Amplitude Energy Limited (ASX: AEL), an Australian gas producer operating offshore fields in the Otway and Gippsland Basins, confirmed on 25 March 2026 that the Isabella sidetrack well in Victoria’s Offshore Otway Basin has failed to demonstrate commercial viability, dealing a significant blow to the company’s flagship East Coast Supply Project. The ST-1 well, drilled as a sidetrack from the earlier Elanora-1 exploration well within permit VIC/L24, encountered gas in the primary Waarre C reservoir target but pressure depletion during flow testing indicates the field cannot support commercial development at its current location. The stock response was severe: Amplitude Energy shares collapsed approximately 42% in early Wednesday trade to around A$1.55, compared with Tuesday’s close of A$2.67, extending what has now become a 36% decline over the past twelve months and placing the stock well below any recent analyst price target range of A$2.51 to A$4.46. The result marks the second consecutive disappointment from the Elanora-1 wellbore, following the February 2026 Waarre A reservoir miss that had already cost the stock roughly 20%.
What did the Isabella sidetrack flow test actually find, and why did it fail the commercial threshold?
The technical picture from Isabella is instructive, and in some respects more frustrating than a simple dry hole. The ST-1 well did intersect gas: approximately 11 metres gross pay and 8 metres net pay in the Waarre C formation sands at depths between 1,905 and 1,916 metres. A peak surface-constrained flow rate of 60 million standard cubic feet per day was achieved through a 64/64-inch choke, and over two separate flowing periods totalling approximately 22 hours, the well produced 40.2 million standard cubic feet of gas alongside 22.3 barrels of condensate. On the surface, those flow rates look encouraging for a well of this depth. The problem lies in what happened to reservoir pressure during and after those flows. Pressure depletion during the testing period was pronounced, suggesting the reservoir is relatively small in volume and unlikely to sustain commercial production rates over the life of a development project. In straightforward terms, the gas was there but not enough of it, and it could not replenish itself fast enough to be worth developing in the present location.
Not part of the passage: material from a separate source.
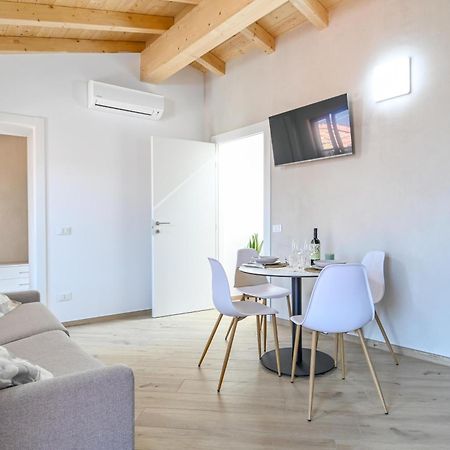 La Corte Di Scanzo Scanzorosciate Buitenkant foto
Managing Director and CEO Jane Norman acknowledged the disappointment directly while flagging that the drilling data will still have analytical value. The reservoir complexity that ultimately sank Isabella’s commercial case was, in part, a product of its scale: Isabella was one of the larger prospective targets in the East Coast Supply Project portfolio, and as Norman noted, that size corresponded with structural and geological complexity that the pre-drill model may not have fully captured. The CO2 content of approximately 5.2 mol% and nitrogen at 7.5 mol% in the produced gas also adds a layer of downstream processing consideration for any future development scenario, though neither level is unusual for the Otway Basin. The ST-1 well will now be plugged and abandoned, with that operation expected to complete within days. Once finished, the Transocean Equinox drilling rig will be released to the next member of the offshore Otway Basin rig consortium.
How does the Isabella failure reshape the East Coast Supply Project timeline and final investment decision?
Amplitude Energy has been at pains to draw a clear line between the Isabella disappointment and the broader trajectory of the East Coast Supply Project. The company confirmed that the ECSP drilling programme, project budget, and 2028 first gas target all remain unchanged, and that there is no revision to the project’s overall structure. The final investment decision for the ECSP development phase, however, has been deferred to follow the drilling of subsequent wells expected in the second half of calendar year 2026. That deferral is significant: Amplitude Energy had been building toward a FID on a project estimated to cost between A$380 million and A$455 million across Phase 1 and Phase 2 (each net to its 50% share), and the delay shifts investor certainty further into 2027 at the earliest.
The ECSP is a three-well program targeting Elanora, Isabella, and a development of the Annie discovery, alongside the separately planned Juliet well. The Elanora-Isabella combination was intended to underpin the resource base that would justify proceeding to the more capital-intensive development phase. With both the Waarre A target at Elanora and now Isabella reading as non-commercial, the immediate exploration upside from that wellbore pair has been eliminated. The remaining programme now rests more heavily on the Annie development well, the Juliet prospect, and the separately scoped Nestor expansion well which was added to the programme in late 2025 to potentially extend supply capacity. Amplitude Energy and its joint venture partner O.G. Energy will assess the combined Elanora and Isabella drilling and flow test data over the coming months, and that analytical process will inform the geological modelling applied to the remaining programme.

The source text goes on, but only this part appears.